By Christ, Mark K. | The Arkansas Historical Quarterly, Winter 2014 | Go to article overview

"War to the Knife": Union and Confederate Soldiers' Accounts of the Camden Expedition, 1864


Christ, Mark K., The Arkansas Historical Quarterly


ON MARCH 23, 1864, Maj. Gen. FrederiCk steele set out from Little Rock at the head of an 8500-man army intent on rendezvousing with a second Union force under Maj. Gen. Nathaniel Banks at Shreveport, Louisiana. They would invade eastern Texas, raise the Stars and Stripes in yet another Confederate state, and procure cotton for the North's idled textile mills. A second column of 3600 men under Brig. Gen. John M. Thayer set out simultaneously from Fort Smith to link up with Steele at Arkadelphia.

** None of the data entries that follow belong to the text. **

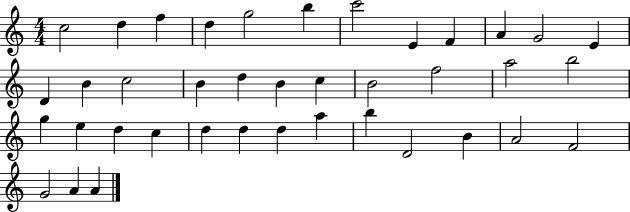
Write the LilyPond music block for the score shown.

{
  \clef treble
  \numericTimeSignature
  \time 4/4
  \key c \major
  c''2 d''4 f''4 | d''4 g''2 b''4 | c'''2 e'4 f'4 | a'4 g'2 e'4 | \break d'4 b'4 c''2 | b'4 d''4 b'4 c''4 | b'2 f''2 | a''2 b''2 | \break g''4 e''4 d''4 c''4 | d''4 d''4 d''4 a''4 | b''4 d'2 b'4 | a'2 f'2 | \break g'2 a'4 a'4 | \bar "|."
}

The campaign that would come to be known as the Camden Expedition ran into trouble almost from the moment that Steele's poorly supplied army started down the execrable roads of southwest Arkansas. The main column arrived at Arkadelphia on March 29 and waited three days for Thayer, who was delayed by supply issues as his troops marched across the rugged mountains of western Arkansas. Steele, his troops consuming dwindling rations, moved on without Thayer on April 1 and encountered his first serious obstacle at the Little Missouri River, where Brig. Gen. John Sappington Marmaduke's veteran Confederate cavalry contested his crossing on April 3-4.

After establishing his beachhead at Elkins' Ferry, Steele moved forward as Marmaduke occupied strong earthworks on Prairie D'Ane near modern-day Prescott. Thayer's troops finally joined Steele on April 9- more hungry men to feed in a region nearly destitute of provisions. Confederate major general Sterling Price, meanwhile, had joined Marmaduke at Prairie D'Ane on April 7, with reinforcements from the Camden garrison. A brigade each of Texans and Choctaws under Brig. Gen. Samuel B. Maxey arrived from the Indian Territory to bolster the Rebel forces blocking the road to Shreveport.

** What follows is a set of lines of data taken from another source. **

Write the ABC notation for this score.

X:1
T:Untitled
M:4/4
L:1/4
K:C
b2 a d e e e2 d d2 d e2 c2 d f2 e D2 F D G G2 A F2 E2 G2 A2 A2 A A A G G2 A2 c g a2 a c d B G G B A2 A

The two armies skirmished on Prairie D'Ane for several days, but when the Federals moved in force against the Confederate works they found them abandoned, as the Rebels fell back eight miles to protect their capital at Washington. Steele then made the momentous decision to turn away from Shreveport and instead march to Camden on the Ouachita River in hopes of getting supplies for his hungry troops. Brushing aside an attack on its rearguard at the village of Moscow, the Union army entered Camden on April 15 and occupied the system of earthworks surrounding the town. When supplies failed to materialize, Steele dispatched a foraging party west of Camden on April 17.

As that expedition returned toward Camden on April 18, it encountered Confederate troops under Marmaduke at Poison Spring on the Washington-Camden Road. The superior Rebel force overwhelmed the Union column, its survivors streaming toward Camden while Confederate soldiers roamed the battlefield killing many wounded and surrendered troops of the First Kansas Colored Infantry Regiment. The ravenous Yankees finally received limited supplies from Pine Bluff on April 20, but, when the wagon train was heading back for additional provender, Rebel troops under Brig. Gen. James F. Fagan ambushed it at Marks' Mills on April 25, inflicting around 1500 casualties.

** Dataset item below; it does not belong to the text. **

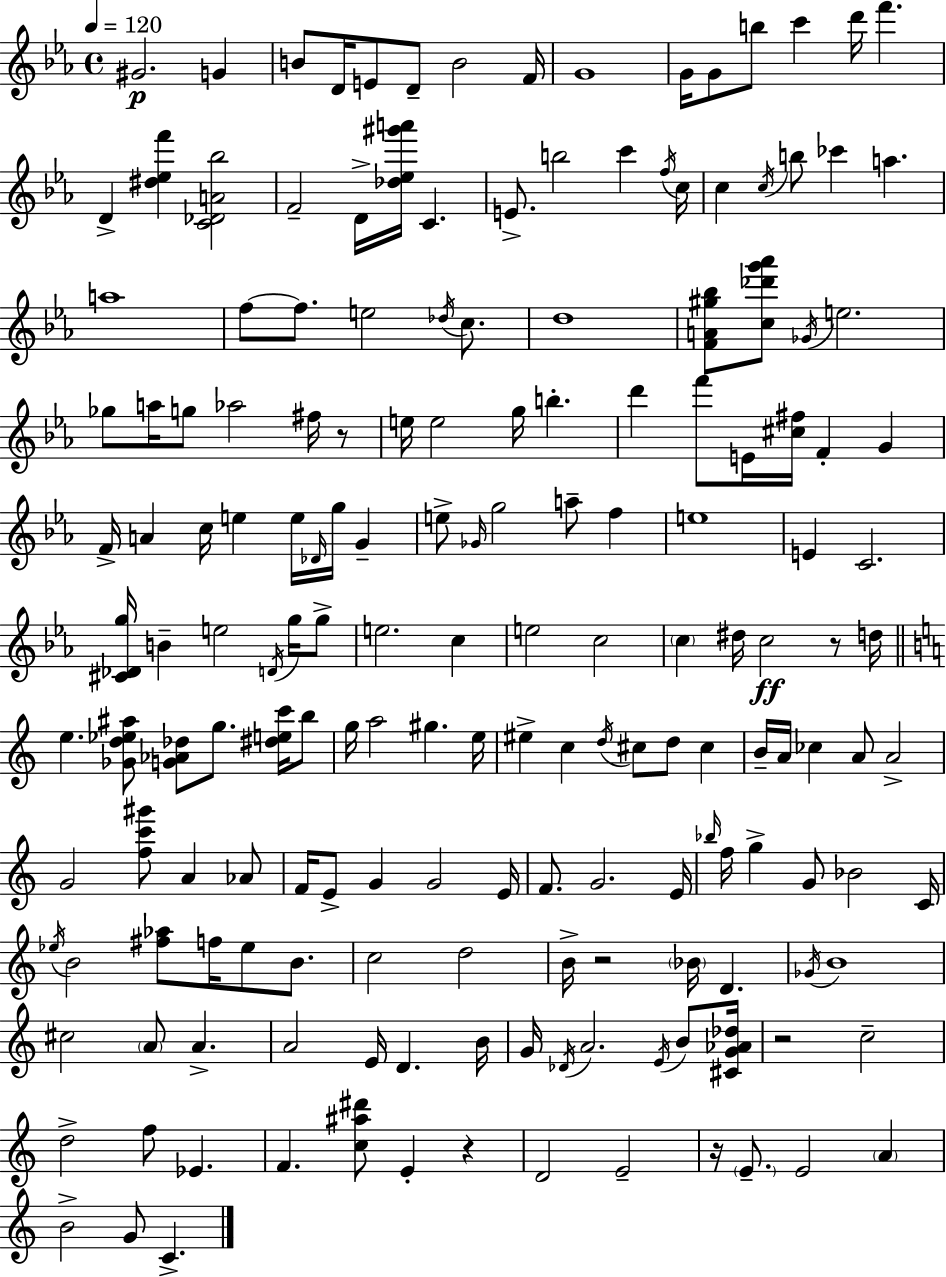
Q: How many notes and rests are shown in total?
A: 174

Steele decided that he had better cut his losses and return to Little Rock while he still had an army to save. The Federals quietly slipped out of Camden on April 26, stealing a march on the Rebels who quickly sent veteran horsemen to harass the retreating column. They caught up to the Yankee army as it crossed the swollen Saline River on April 29. The next morning, bolstered by Confederate infantry that had been force marched from Louisiana after turning back Banks's Union army, the Rebels attacked at Jenkins' Ferry. Disjointed Confederate attacks in miserable conditions in the Saline River bottoms failed to stop Steele's retreat, but the Union victory was marred as men of the Second Kansas Colored Infantry murdered wounded Confederates in revenge for Poison Spring. The surviving Yankees staggered back into Little Rock on May 3, having lost around 2750 casualties, 635 wagons, some 2500 animals, and 8 artillery pieces. …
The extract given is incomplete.